La deputata repubblicana ha criticato il fatto che Trump abbia ospitato alla Casa Bianca il presidente siriano Ahmed al-Sharaa, facendo riferimento alle “persecuzioni” di cristiani ed altre minoranze da quando l’ex jihadista ha preso il controllo della Siria lo scorso dicembre. Il presidente ha commentato: «Non so cosa sia successo a Marjorie. È una donna simpatica, ma non so cosa sia successo. Ha smarrito la via, penso». Ma Marjorie Taylor Greene non è stata l’unica a criticare l’arrivo di al-Sharaa a Washington. L’attivista di estrema destra Laura Loomer, che si autodefinisce “islamofoba” e voce influente nel movimento Maga, ha postato su X che Sharaa è il «presidente dell’ISIS in Siria»; «Che diavolo stiamo facendo?» ha scritto a proposito della sua visita alla Casa Bianca.

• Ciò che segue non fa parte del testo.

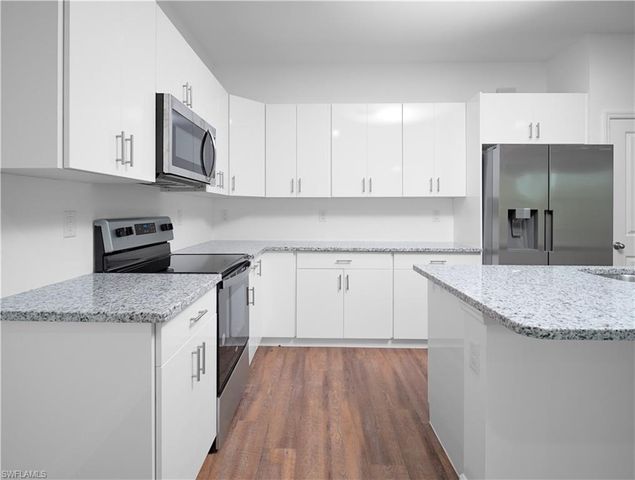 3027 NE Beechwood CIR, Labelle, FL 33935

È un fatto che la critica che il mondo MAGA muove a Trump è quella di interessarsi troppo della politica estera a scapito della politica interna e in particolare della politica economica interna con il carovita e la crisi sanitaria in primo piano. E quando ha dimostrato di occuparsene, Trump non sembra aver scaldato i cuori della sua base, tutt’altro. Un piano proposto dal presidente per sostenere i mutui a 50 anni è stato ampiamente criticato a destra. «Stai solo facendo pagare di più e allungando i tempi. È come risolvere il problema della fame non dando cibo, ma semplicemente dando cannucce più lunghe alle persone», ha detto Glenn Beck, conduttore televisivo conservatore. «Non è libertà, ti sta intrappolando... è un affitto mascherato da proprietà immobiliare».

In un’altra trasmissione della Fox, davanti al presidente, è stato letto un messaggio di Regina Foley, una pensionata della North Carolina che ha votato tre volte per Trump ma che ora ha perso la pazienza. «Voglio che i Repubblicani mantengano il controllo del Congresso nel 2026 ma deve essere fatto qualcosa velocemente! Non vedo migliorare l’economia adesso, i numeri di Wall Street non riflettono i soldi di Main Street, per favore faccia qualcosa presidente Trump».

Non è invece chiaro come lo scandalo delle mail in cui il defunto finanziere pedofilo Jeffrey Epstein chiama in causa Trump e sostiene che il presidente abbia passato molte ore con ragazze minorenni, possa influenzare la base di destra del partito repubblicano. C’è chi sostiene come il Financial Times, che possa ampliare la frattura che si è creata tra il presidente e i suoi sostenitori con diversi Repubblicani vicini a Trump, tra cui Marjorie Taylor Greene, Lauren Boebert e Nancy Mace, che hanno appoggiato la richiesta di votare la petizione di una democratica di pubblicare interamente tutti i file di Epstein (la pubblicazione integrale dei files di Epstein è una richiesta Maga che Trump non sembra ora condividere). C’è chi osserva invece, che il mondo MAGA è rimasto silente di fronte alle imbarazzanti rivelazioni: nelle ore successive alla pubblicazione delle email, scrive Axios, le menzioni di Epstein sono state rare sugli account dei social media e sui podcast di MAGA.